De acordo com uma recente publicação da Folha de São Paulo, o Brasil possui 15 milhões de combinações tributárias, entre obrigações federais, estaduais e municipais. Tal informação é produto de um estudo elaborado pelo sindicato das empresas de serviços contábeis de São Paulo (Sescon/SP), onde nem as empresas do Simples escapam do cipoal emaranhado de regras destoantes. A implacável tempestade burocrática que dificulta por demais a navegação dos transatlânticos corporativos é a mesma que o microempresário tem que enfrentar com sua canoa. Tantas e tamanhas convulsões do nosso instável ambiente legal fazem com que os donos dos pequenos negócios fiquem absolutamente atordoados e inseguros. O pior é que as entidades que deveriam protegê-los são capachos do mesmo governo que ataca o bolso do pequeno empreendedor como um cão raivoso.  Para piorar um pouquinho, os entes tributantes vivem a trocar os pés pelas mãos com suas legislações talhadas no machado cego, as quais se transformam em objeto de contestação a entupir o já sobrecarregado poder judiciário.

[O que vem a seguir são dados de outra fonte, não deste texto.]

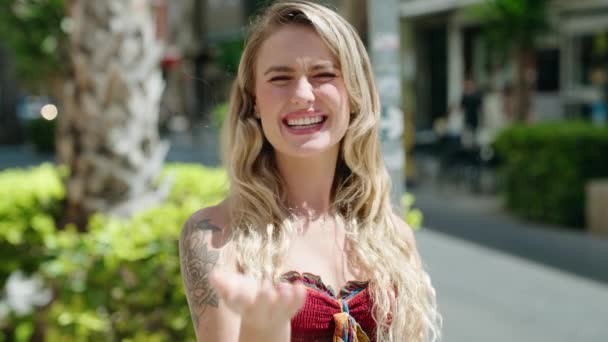 Young Blonde Woman Smiling Confident Doing Coming Gesture Hand Street — ストック動画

Em meio a tantas adversidades enfrentadas pelas pequenas empresas, finalmente surgiu um evento alentador. O Projeto de Lei Complementar 237/2012, que está em discussão no Congresso Nacional, propõe o fim da substituição tributária para as micro e pequenas empresas e ainda traz outras categorias econômicas para o guarda-chuva do Simples Nacional. Esse projeto, claro, como era de se esperar, está sendo ferozmente combatido pela Receita Federal e pelos governos estaduais, que querem continuar rechaçando a iniciativa daqueles que se sacrificam para gerar empregos e movimentar a economia do país.

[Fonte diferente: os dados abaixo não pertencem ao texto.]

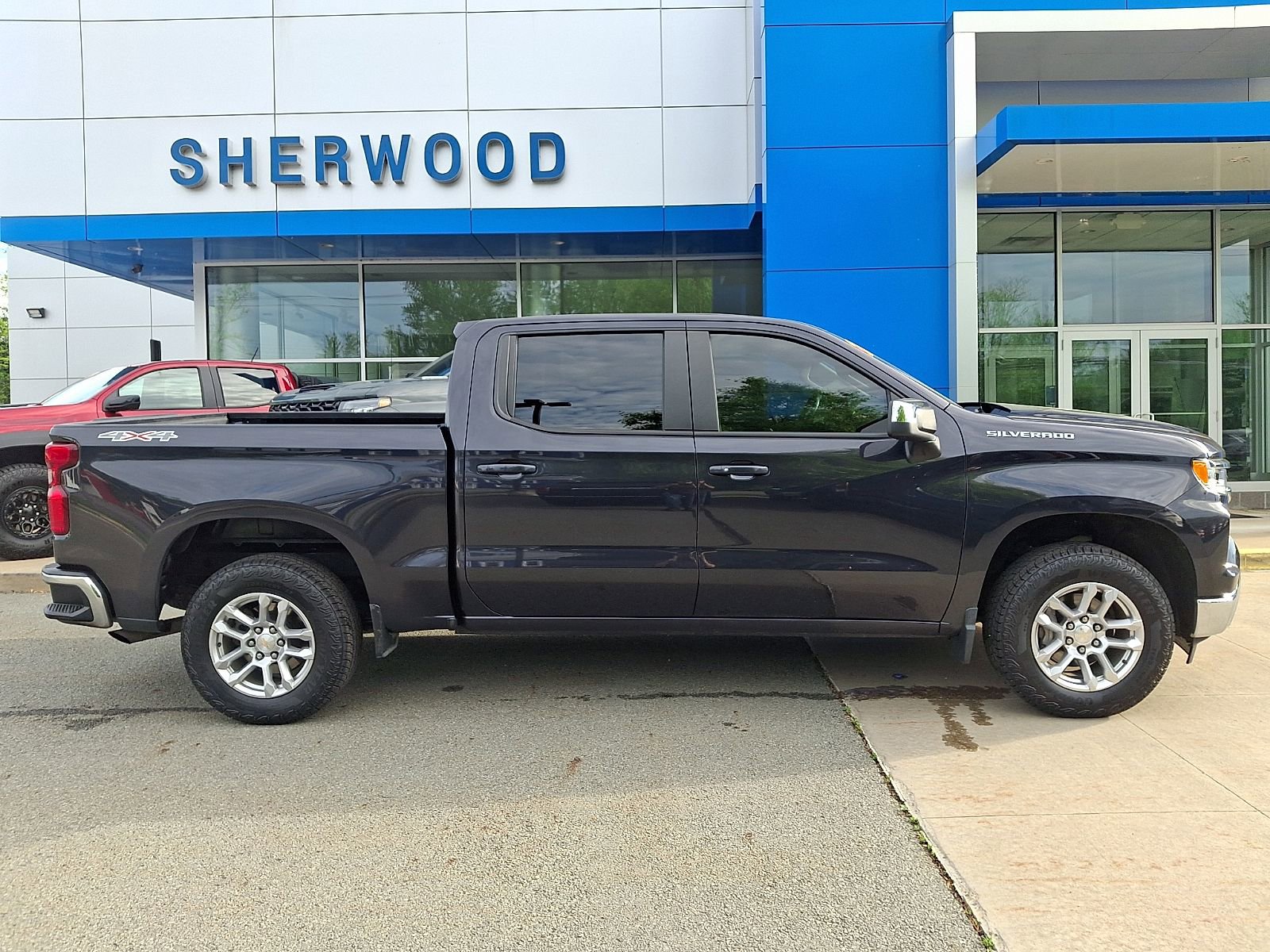 Used 2023 Chevrolet Silverado 1500 LT AWD/4WD image 7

O mais curioso nas ações do fisco é que seus representantes (funcionários de todos os níveis) são convictos de que o sistema está errado, de tal forma que não cumpririam à risca tudo que está escrito na legislação tributária se por acaso fossem empresários. Dificilmente, um auditor fiscal obrigaria, por exemplo, o filho empreendedor a cumprir rigorosamente as ditas 15 milhões de combinações tributárias. Dessa forma, se ninguém acredita na legitimidade do sistema, porque então ele subsiste? Esse raciocínio nos leva a conclusão da existência de uma tirania fiscal, onde a vontade do imperador desce como lava vulcânica a incinerar tudo ao seu redor. Por isso, deve ser muito constrangedor para um fiscal se vê obrigado a destruir uma empresa e seus empregados com multas e autuações, mesmo sabendo que seria impossível para o autuado arcar com o tal Custo Brasil. Seria preciso ter espírito de porco para tratar tudo com naturalidade, face o estado de perversões legais instalado no país. Não à toa, somos diariamente bombardeados com notícias de crimes envolvendo funcionários públicos das áreas de fiscalização.

Tantas convulsões, tiranias e depravações do poder público nos faz concluir que o tal Estado Democrático de Direito seria apenas uma abstração ilusória a confundir nossos sentidos, como se todos os dias tomássemos a pílula azul. Por isso, está mais do que na hora de repetir o gesto do Neo, que tomou a pílula vermelha, mesmo que isso nos deixe profundamente decepcionados com o que veríamos depois de acordar.